Re: [PATCH v2 4/4] sched/rt: Split cpupri_vec->cpumask to per NUMA node to reduce contention

From: K Prateek Nayak

Date: Thu Apr 02 2026 - 00:41:36 EST

Hello Chenyu,

Thank you for testing the changes! Much appreciated.

On 4/2/2026 8:45 AM, Chen, Yu C wrote:
> One suspicion is that with sbm enabled(without your patch), more
> tasks are "aggregated" onto the first CPU(or maybe the front part)
> in nohz.sbm, because sbm_for_each_set_bit() always picks the first
> idle CPU to pull work. As we already know, hackbench on our
> platform strongly prefers being aggregated rather than being
> spread across different LLCs. So with the spreading fix, the
> hackbench might be put to different CPUs.

Ack! But I cannot seem to come up with a theory on why it would be any
worse than original.

P.S. what does your SBM log in the dmesg look like? On my 3rd Generation
EPYC machine (2 x 64C/128T) it looks like:

CPU topo: SBM: shift(6) leafs(4) APIC(ff)

Now, I suppose I get 4 leaves because I have 128CPUs per socket
(2 x u64 per socket) but it is not super how it is achieved from
doing:

arch_sbm_shift = x86_topo_system.dom_shifts[TOPO_DIE_DOMAIN] - 1;

that divides TOPO_DIE_DOMAIN into two but that should only be okay
until 128CPUs per DIE.

It is still not super clear to me how the logic deals with more than
128CPUs in a DIE domain because that'll need more than the u64 but
sbm_find_next_bit() simply does:

tmp = leaf->bitmap & mask; /* All are u64 */

expecting just the u64 bitmap to represent all the CPUs in the leaf.

If we have, say 256 CPUs per DIE, we get shift(7) and arch_sbm_mask
as 7f (127) which allows a leaf to more than 64 CPUs but we are
using the "u64 bitmap" directly and not:

find_next_bit(bitmap, arch_sbm_mask)

Am I missing something here?

AMD got the 0x80000026 for defining TOPO_DIE_DOMAIN as soon as we
crossed 256CPUs per socket in 4th Generation EPYC so it'll have per
CCD (up to 2LLCs) smb leaves but if I'm not mistaken, some of the
SPR systems still advertised one large TILE / DIE domain.

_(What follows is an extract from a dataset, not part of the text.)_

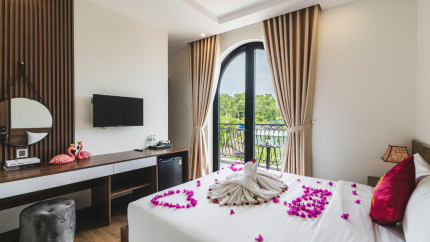 Phòng Deluxe Double Balcony Rosa Phú Quốc Hotel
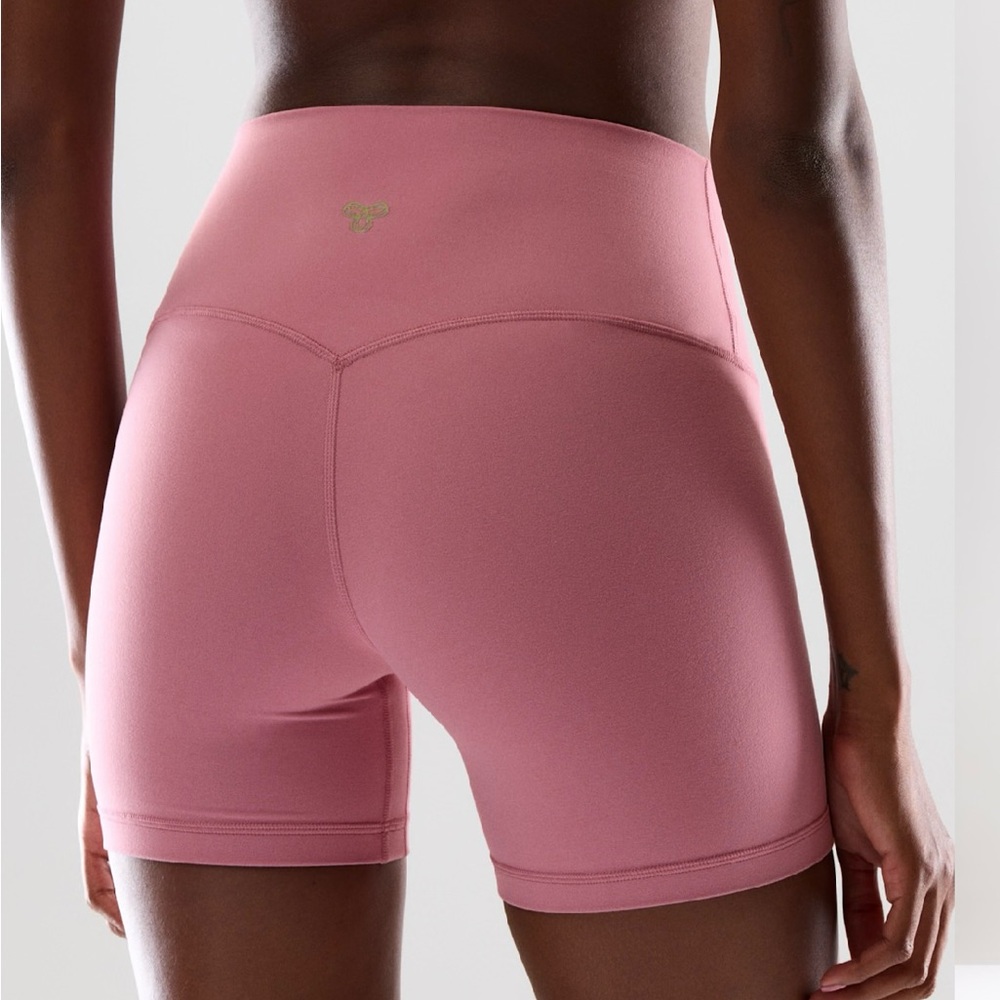 Aritzia TNA butter cheeky 5β shorts - Picture 5 of 5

I'm curious if your test system exposed multiple DIE per PKG since
280 logical CPUs per socket based on the cover letter would still go
beyond needing 64 bits if it is advertised as a single DIE.

> Anyway, I'll run more
> rounds of testing to check whether this is consistent or merely
> due to run-to-run variance. And I'll try other workloads besides
> hackbench. Or do you have suggestion on what workload we can try,
> which is sensitive to nohz cpumask access(I chose hackbench because
> I found Shrikanth was using hackbench for nohz evaluation in
> commit 5d86d542f6)

Most sensitive is schbench's tail latency when system is fully
loaded (#workers = #CPUs) but that data point also has large run
to run variation - I generally look for crazy jumps like the tail
latency turning 5-8x consistently across multiple runs before
actually concluding it is a regression.

hackbench (/ sched-messaging) should be good enough from a
throughput standpoint.

--
Thanks and Regards,
Prateek